SuperHAC is built entirely around the captcha. It is built to minimize the cost of captchas and create accounts for the cheapest price possible. With SuperYAC, Yahoo does ask for captcha solving, but by using cookies, we are able to bypass captchas, resulting in account creation at no cost whatsoever. And resulting in this is faster account creation than SuperHAC without waiting for the captcha to be solved. Captchas and do pop up sometimes still. When a captcha is triggered for an IP address, they usually continue popping up for that IP. Once in a while, the captcha doesn’t pop up again, so there is an option labeled “Skip captchas” which will restart the account creation process for that IP without solving the captcha. However, 9 times out of 10, the captcha will continue to reappear till a “error 999” (IP blocked) message appears. So, included in the software is an option labeled “Mark IP blocked if captcha appears”, which will add the IP to the blocked list and won’t be used for account creation for x hours. The amount of time before the “error 999” is lifted seems to vary, so there is an option called “Blocked IP interval” where you can set the amount of time before a blocked IP will be attempted to be used again.

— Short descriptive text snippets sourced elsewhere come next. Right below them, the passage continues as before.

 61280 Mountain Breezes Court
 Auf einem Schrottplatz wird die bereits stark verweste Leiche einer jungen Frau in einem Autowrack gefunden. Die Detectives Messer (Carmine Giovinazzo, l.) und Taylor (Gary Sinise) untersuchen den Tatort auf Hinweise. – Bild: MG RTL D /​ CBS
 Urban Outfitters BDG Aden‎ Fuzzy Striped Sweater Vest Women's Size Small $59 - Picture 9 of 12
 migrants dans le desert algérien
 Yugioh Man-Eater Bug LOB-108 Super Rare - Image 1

Along with captchas, phone verification seems to pop up randomly depending on the phone number used. A phone number is required for each account registration. Yahoo seems to be very strict with phone verification, so using phone numbers from sites like Twilio are unable to be used. Once I gather enough phone numbers of my own, I will be able to include phone verification as an extra. But the good news is that phone verification is NOT required and is not needed to unlock any features as opposed to SuperHAC when phone verification is required for forwarding.

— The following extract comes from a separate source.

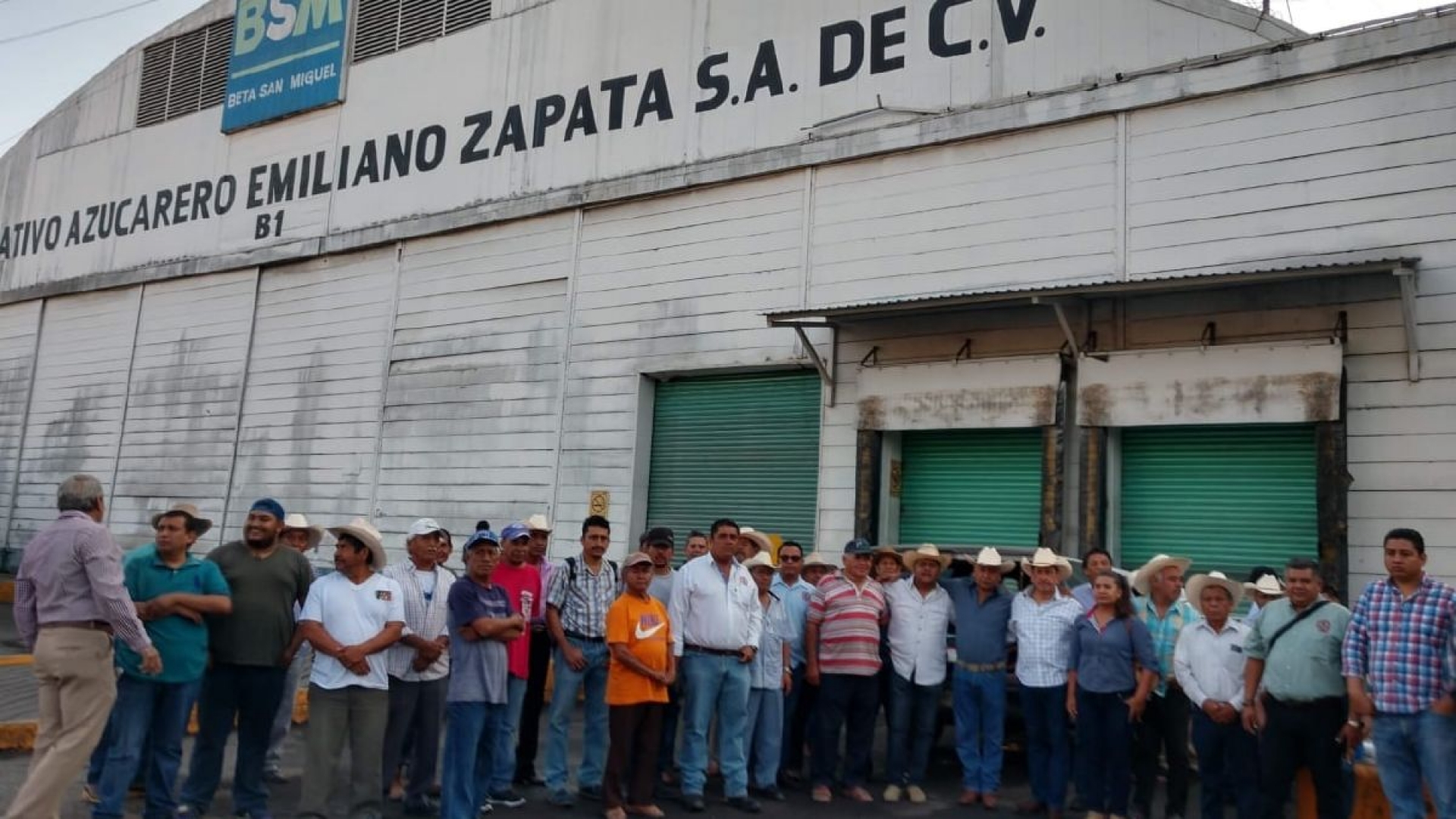 Productores de caña toman las bodegas del IEZ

You can supply your own phone numbers or you can let SuperYAC grab a random phone number from FakeNameGenerator. Sometimes these phone numbers will result in an “Invalid phone number” error, but the process will simply restart again.
IP Limit vs IP Blocked
In SuperHAC, we were limited to 3 accounts per IP per 24 hours. Once the IP limit is hit for a specific IP/proxy, the address is added to a list and is used again only once the 24 hours had passed. SuperYAC is a bit different in that there is no definite account limit per a time period. Instead, there is a “error 999” page which means that the IP is blocked. There is no definite trigger for an IP being blocked but will usually happen after a certain number of times submitting the registration page. Some IPs can create around 15 accounts before is it blocked and others will only create a couple accounts. As mentioned earlier, when an IP is blocked, it is added to a blocked list. Once the the number of hours specified in the “Blocked IP interval” has passed, the IP will be used again for account creation.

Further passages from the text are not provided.